**TASK INSTRUCTIONS:** In the data below, the copy begins at the line containing "Audi A4 (2012)" and runs through the last line; repeat those lines exactly, minus the pictures.

**RECORDS SHOWN:**
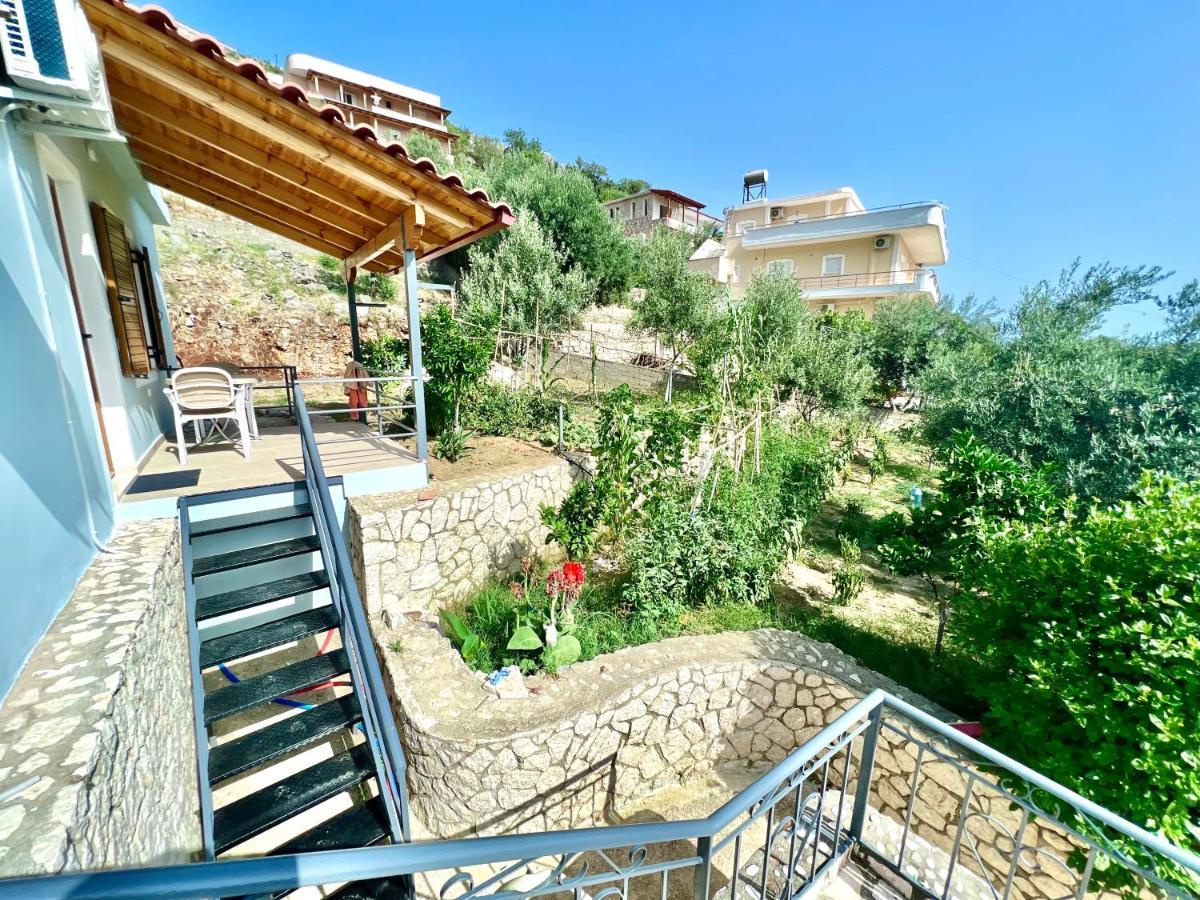 Coral Guesthouse Sarande Exterior photo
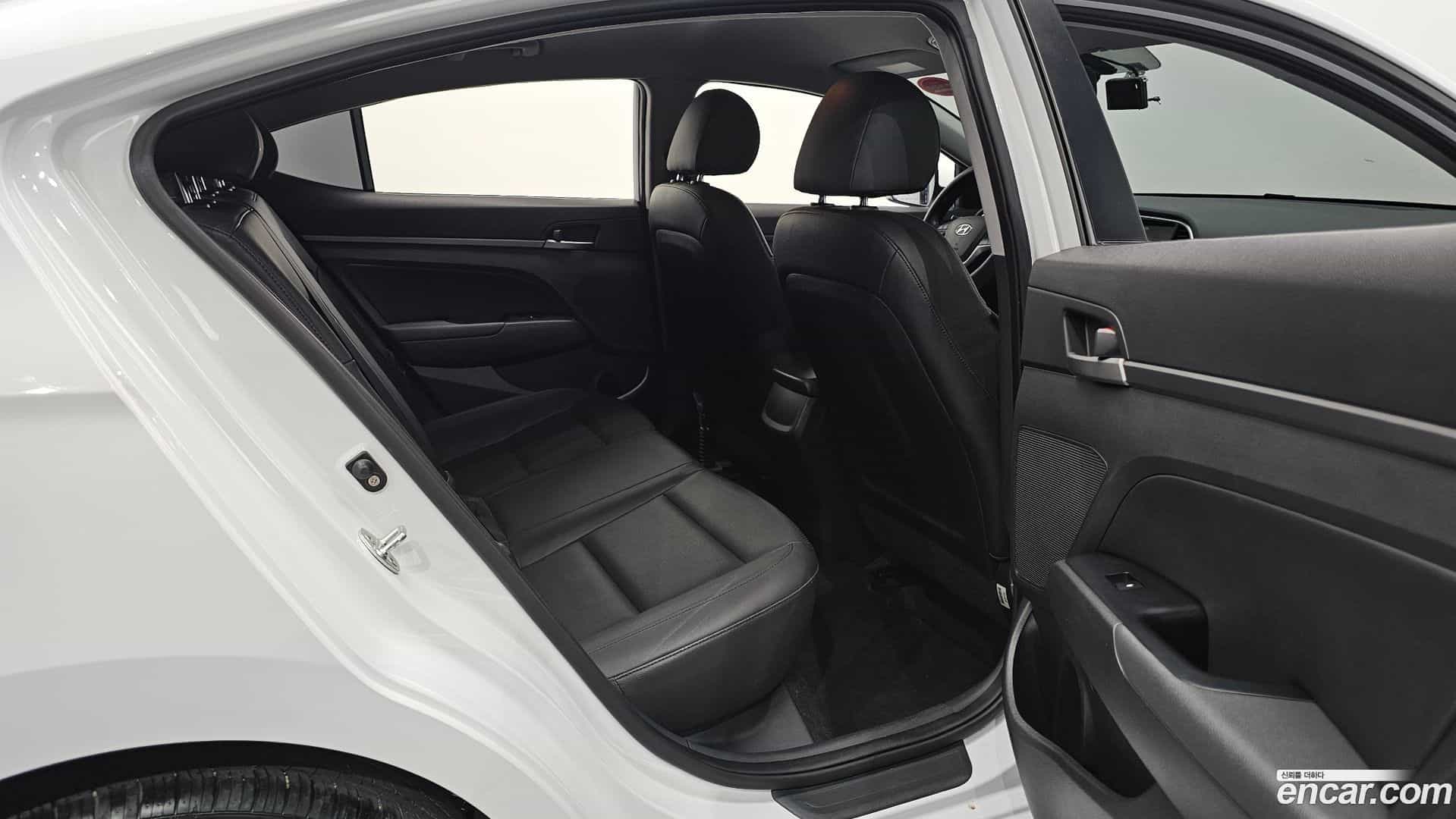 AVANTE Hyundai 2017.8-INNER-036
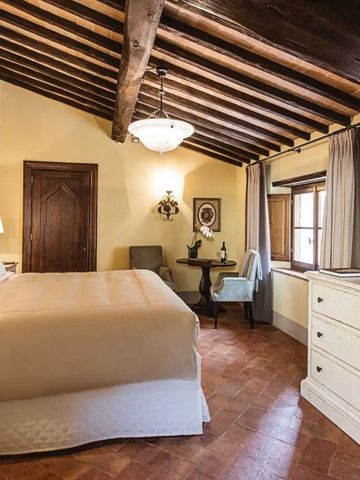 Elegantes Doppelzimmer mit traditionellen Holzbalken und warmem Ambiente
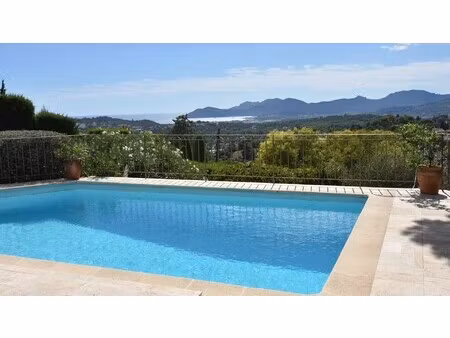 villa de luxe à louer dans le quartier village-le val-cabrieres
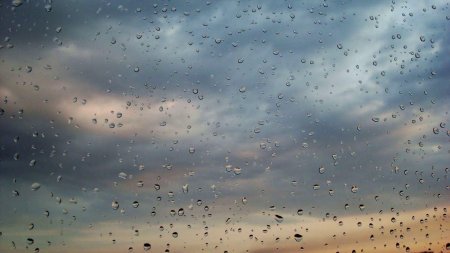 Капли дождя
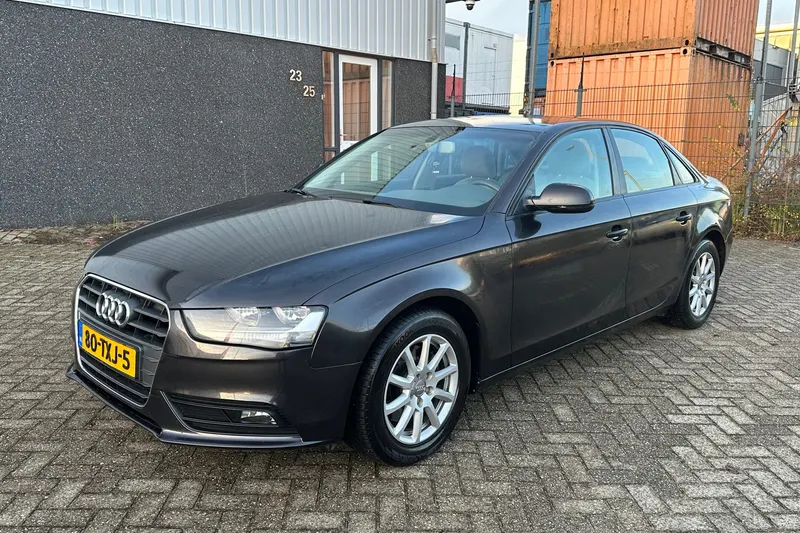 Audi A4 (2012)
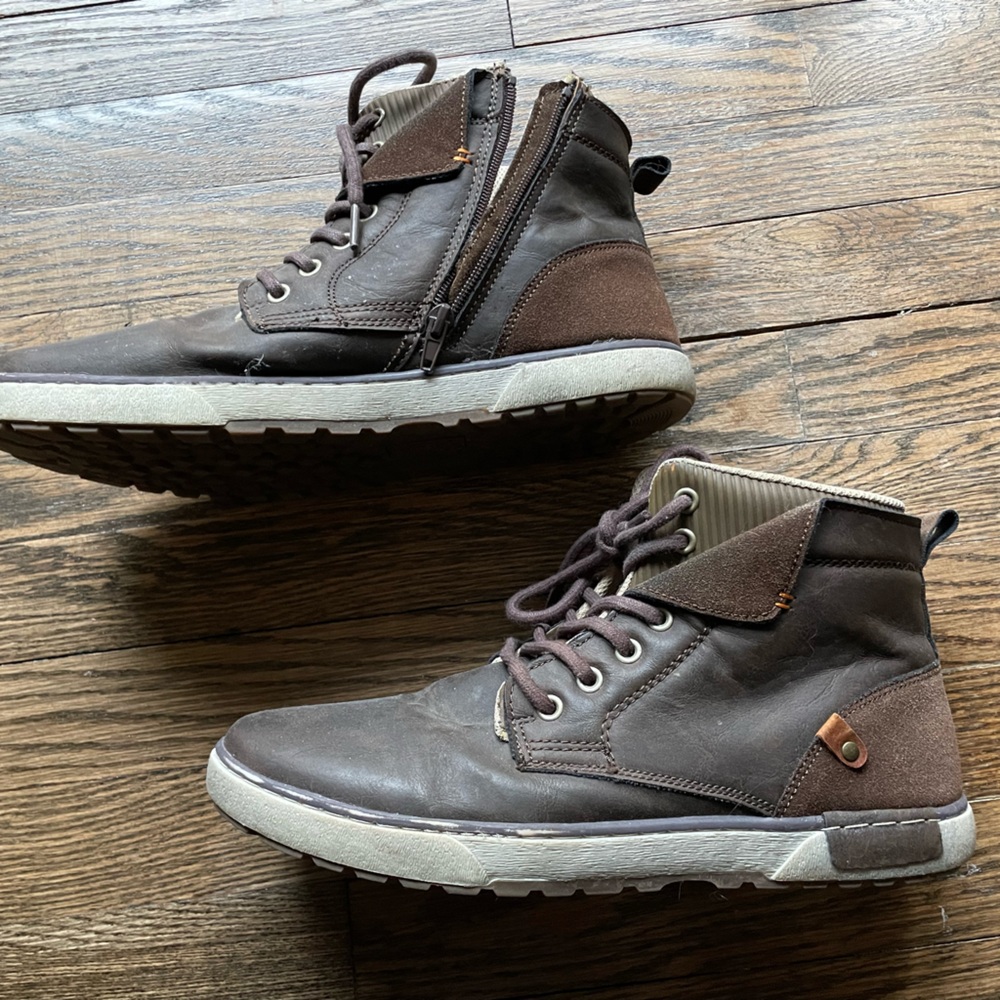 EUC DayFive Men’s Sneaker Boots Size 11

**FINAL ANSWER:**
 Audi A4 (2012)
 EUC DayFive Men’s Sneaker Boots Size 11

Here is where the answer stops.